可見,用獎勵的方法激勵下屬辦事是非常有用的。當然,這種策略最好是用在公司運營不佳的時候,否則公司賺得盆滿缽滿,再用這種方法來激勵下屬,就隻能適得其反。
會授權,不事事躬行
領導,顧名思義,就是帶領、引導的人。領導的職責就是對潛在資源進行開發,對現有資源進行協調分配。
事必躬親的領導不是一個高明的領導,一個好領導懂得將權力下放,懂得將具體工作交給下屬去辦,懂得自己應站在一個高度上統籌全局。

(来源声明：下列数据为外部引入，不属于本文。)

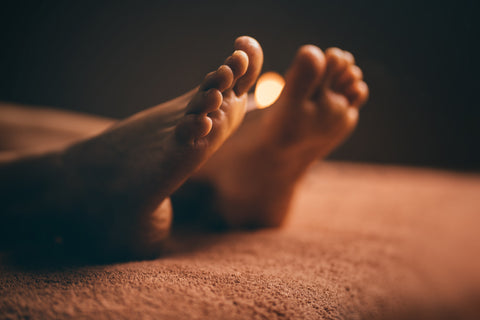 Close-up of feet on a textured surface with warm lighting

《呂氏春秋·李賢》提出兩個達到“治之至”的方法:宓子賤和巫馬期先後治理單父,宓子賤治理時每天在堂上靜坐彈琴,沒見他做什麼,把單父就治理得相當不錯。巫馬期則披星戴月,早出晚歸,晝夜不閑,親自處理各種政務,單父也治理得不錯。兩個人兩種治法,一則事不躬親,一則事必躬親。
事不躬親是“古之能為君者”之法,它“係於論人,而佚於官事”,是“得其經也”;事必躬親是“不能為君者”之法,它“傷形費神愁心勞耳目”,是“不知要故也”。前者是使用人才,任人而治;後者是使用力氣,任力而治。前者是使用人才,當然可逸四肢,全耳目,平心氣,而百官以治;使用力氣則不然,敝生事端,勞手足,煩教詔,必然辛苦。
前人的這套說法今天仍有意義,其道理仍沒過時。領導的任務就應當是統領全局,抓緊大事,而不應將精力耗在細枝末節之上。細微之事可以交由下屬去處理。如果所有的人都去處理細節,那麼領導的作用又體現在何處呢?
《貞觀政要》記載:貞觀四年,唐太宗問蕭瑀:“隋文帝是什麼樣的君主?”蕭瑀回答說:“約束自己,符合禮儀,勤勤懇懇、不怕辛勞地思考治國。每次坐朝理事都很認真,有時到太陽西斜還不休息。凡五品以上官員,他都召見賜座,與他們一起共商國是,忘記吃飯時間,侍衛未得下牙,隻好立駐傳餐而食。雖然他的品性不算仁慈明智,也稱得上是個奮發有為、想把國家治理好的國君。”
太宗說:“你隻知其一,不知其二。隋文帝這個人性格過於審細,而且不明事理。內心不明就察覺不出自己的過失,過於審細就會對人疑慮多端。他是欺負孤兒寡母而得天下的,所以不會有心虛之意,而對臣子的意見特別敏感,使得他整日疑慮重重,不肯輕易信任文武百官,事無巨細都要親自決策處理,雖然勞費精神、辛苦形體,終不能把所有的事處理得合情合理。朝中大臣既知他的心意,也就不敢直言勸諫。宰相以下官員,隻是奉承順旨罷了。我的看法就不這樣。天下這麼大,舉國之內人口這麼多,每天發生的事千頭萬緒,要不拘一法,靈活處理,凡事應文武百官商議,宰相認真籌劃,對於所要處理的事,能做到穩妥、便利,才可以呈奏施行。怎麼能把一天中需要處理的許許多多事情,讓一個人思考決斷呢!況且一天處理10件事,可能有5件出偏差,處理對的當然好,處理不對的怎麼辦呢?如此夜以繼日,錯誤可能會更多。哪比得上廣泛任用賢士良才,為自己分憂,為國謀福呢?於是命令所有官署,如果詔敕頒發下去有不穩妥或不便施行的,必須堅持己見上報,不能順從旨意,隨即施行。一定要盡到臣子的責任。
唐太宗這番話,體現了無為的用人原理。老子說:“治大國若烹小鮮。”煎炸小魚,需小心翼翼,不能急躁,不能經常翻動,一翻動就不能保全,小魚就會碎得不成形。所以,在帶領團隊做事時,必須走出事必躬親的誤區。你的身邊有許多的組織成員,他們每個人都有自己的優勢和強項,而你並非全知全能,為什麼不把工作交給最合適的人去做呢?這樣既發揮了組織成員的長處,激發了他們的積極性,又能出色地完成任務,可謂“一舉多得”,何樂而不為呢?